Speaker Nabih Berri secured 98 votes from the 128 lawmakers and will now begin his sixth term. He first became head of the legislative chamber in 1992. The octogenarian has run unopposed or without serious challenge since first taking the seat 26 years ago.
The speaker's office issued a statement urging supporters to avoid celebratory gunfire.
During the session, Mr Berri called for the formation of a new government as fast as possible.
Tuesday’s session was the first for the new intake of MPs from the May 6 election, the country’s first national vote in nine years after parliament’s term was extended three times since its expired in 2013.
MPs also voted for MP Elie Ferzli from the Free Patriotic Movement as deputy speaker and will cast ballots for other key parliamentary posts.

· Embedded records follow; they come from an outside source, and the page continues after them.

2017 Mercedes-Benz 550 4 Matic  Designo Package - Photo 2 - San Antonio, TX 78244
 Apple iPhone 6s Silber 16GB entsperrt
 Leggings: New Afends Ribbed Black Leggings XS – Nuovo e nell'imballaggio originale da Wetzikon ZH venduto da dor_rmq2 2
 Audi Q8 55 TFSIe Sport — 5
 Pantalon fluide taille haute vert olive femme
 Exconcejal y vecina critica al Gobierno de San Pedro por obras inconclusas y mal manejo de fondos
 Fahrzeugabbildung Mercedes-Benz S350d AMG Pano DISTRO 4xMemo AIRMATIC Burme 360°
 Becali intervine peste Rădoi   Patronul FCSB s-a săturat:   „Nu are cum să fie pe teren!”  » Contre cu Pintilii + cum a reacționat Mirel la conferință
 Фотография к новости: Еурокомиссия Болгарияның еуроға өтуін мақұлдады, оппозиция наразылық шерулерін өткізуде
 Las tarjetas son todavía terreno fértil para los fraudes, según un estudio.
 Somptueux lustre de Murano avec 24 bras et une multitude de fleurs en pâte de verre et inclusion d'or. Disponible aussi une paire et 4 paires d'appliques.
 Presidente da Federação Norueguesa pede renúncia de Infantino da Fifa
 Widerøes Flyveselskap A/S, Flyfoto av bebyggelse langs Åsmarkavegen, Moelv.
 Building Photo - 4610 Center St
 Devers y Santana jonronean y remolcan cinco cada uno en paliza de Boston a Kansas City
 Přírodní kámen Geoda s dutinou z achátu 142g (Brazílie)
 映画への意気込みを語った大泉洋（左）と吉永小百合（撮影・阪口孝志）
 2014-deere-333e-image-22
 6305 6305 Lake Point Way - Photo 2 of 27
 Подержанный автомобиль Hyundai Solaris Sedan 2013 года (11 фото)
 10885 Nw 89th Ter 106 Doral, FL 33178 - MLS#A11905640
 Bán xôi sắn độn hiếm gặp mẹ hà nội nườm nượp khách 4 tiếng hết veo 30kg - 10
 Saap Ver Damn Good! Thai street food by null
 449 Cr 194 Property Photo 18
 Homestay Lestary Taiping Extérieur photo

Going into the session Mr Ferzli was the favourite for the post with the backing of his party's 29 lawmakers as well as blocs of the speaker's Amal Movement and Hezbollah.
Following the appointment of the key positions in Parliament, parties will turn to deliberation on the makeup of the next cabinet.
The process is likely to take some time despite key officials calling for its swift formation. As well as wrangling over each party’s fair share of seats, recent US sanctions on Hezbollah officials and warnings that the party – designated by Washington as a terrorist group – should not increase its role in government, will likely complicate the process.
Lebanon's confessional political system divides seats in parliament equally among Muslims and Christians, then further splits them among the various sects.
The position of speaker is reserved for a Shiite Muslim, while the other two top positions of prime minister and president go to a Sunni Muslim and a Maronite Christian, respectively. The deputy speaker post is reserved for a Greek Orthodox Christian.
Born in 1938, Berri is a veteran of Lebanon's complex political scene.
He rose to power as a militia boss in the civil war (1957-1990) before transitioning to politics when it ended.
He was simultaneously elected member and speaker of parliament in 1992. In his official role he calls and runs Lebanon's parliamentary sessions.